I'm guessing that PB is a recursive descent, which is the easiest to write by hand. The first step it does is recognize the "words" in the file. This is called tokenizing. For instance, when it first opens the file, is the first character it sees a semi (comment), a hash (constant), or a letter (var or func call)? Some tokenizers read a whole word (characters until a "separator" char is found). After the word is tokenized, the compiler determines what to do (skip the comment, use the constant, or call the func). During this final handling, "output code" is produced. More sophisticated compilers use an intermediate code so it can be optimized more efficiently after code generation has completed. There is reason to believe that PB just goes straight to asm. The compiler just repeats these steps until the file is done.
A more complicated compiler may run multiple passes on the input file. For instance, a two-pass compiler might use the first pass to recognize all of the variables and constants, and a second pass to do the rest. This allows for referencing a function or constant that has not yet been defined, or implementing a preprocessor as in C.
A common next step is the optimizer, if the system has one. I can't tell if PB has one or not; it may simply have efficient asm output, or it may run a rudimentary optimizer. Just like compilers, optimizers vary greatly in complexity; some run in one pass, some in two or more.
Next comes the assembling. This is basically done the exact same way as compiling, except assemblers are much less sophisticated (they have fewer rules, and tighter constraints) so it can go faster. Also, instead of readable code for output, the assembler generates binary code. Assembling is simple enough that it can merely be a lookup table type program, although they are generally not.
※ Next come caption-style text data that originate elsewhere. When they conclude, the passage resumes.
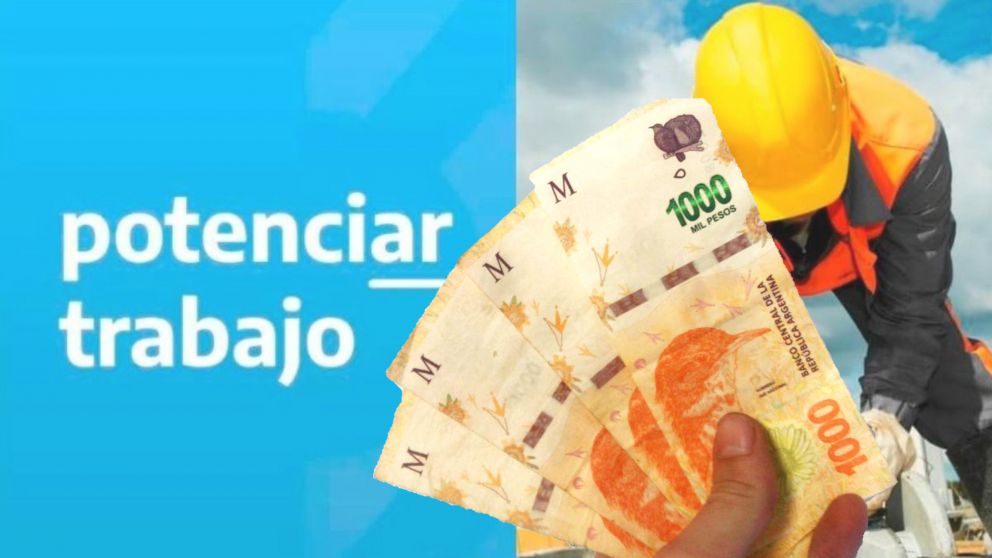 Potenciar Trabajo marzo 2023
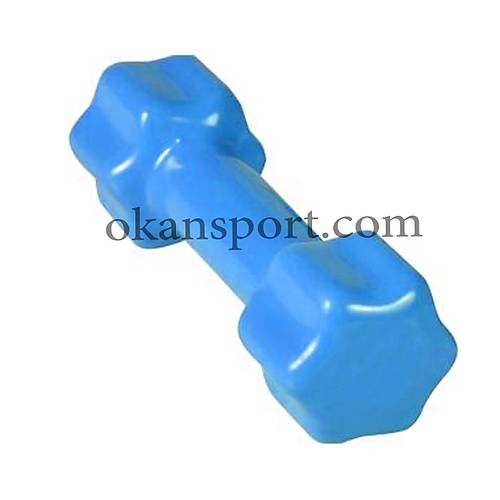 3 Kg PVC Vinly Dambıl Açık Mavi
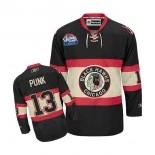 Chicago Blackhawks No.13 CM Punk Authentic Black 2009 Winter Classic Jersey Sale Size 48/M|50/L|52/XL|54/XXL|56/XXXL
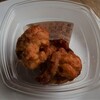 串くら京都・御池 - 鶏もも肉の唐揚げ（小）　380円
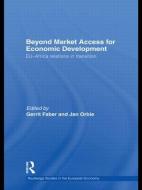 Beyond Market Access for Economic Development edito da Taylor & Francis Ltd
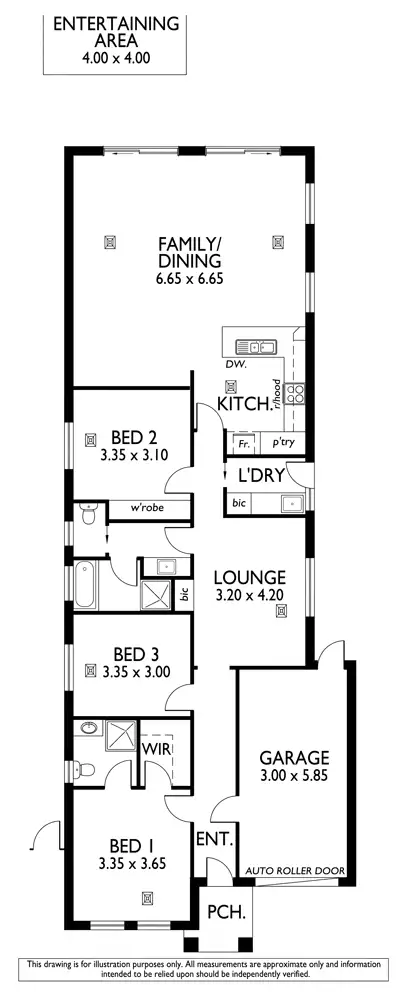 Floorplan of Homely house listing, 21 Hamilton Avenue, Warradale SA 5046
Just as a "gut feel" comparison, I am guessing that the Gnu Assembler takes about 5 times as long to assemble a file as the Fasm assembler that PB uses. I don't know why it is so slow, but I can tell you that it is horribly inefficient with macros.
Anyway, back to your "how can I make it faster" question. In reality, aside from precompiling libraries, there is not much you can do. That will save you from repeatedly compiling code that is not being edited.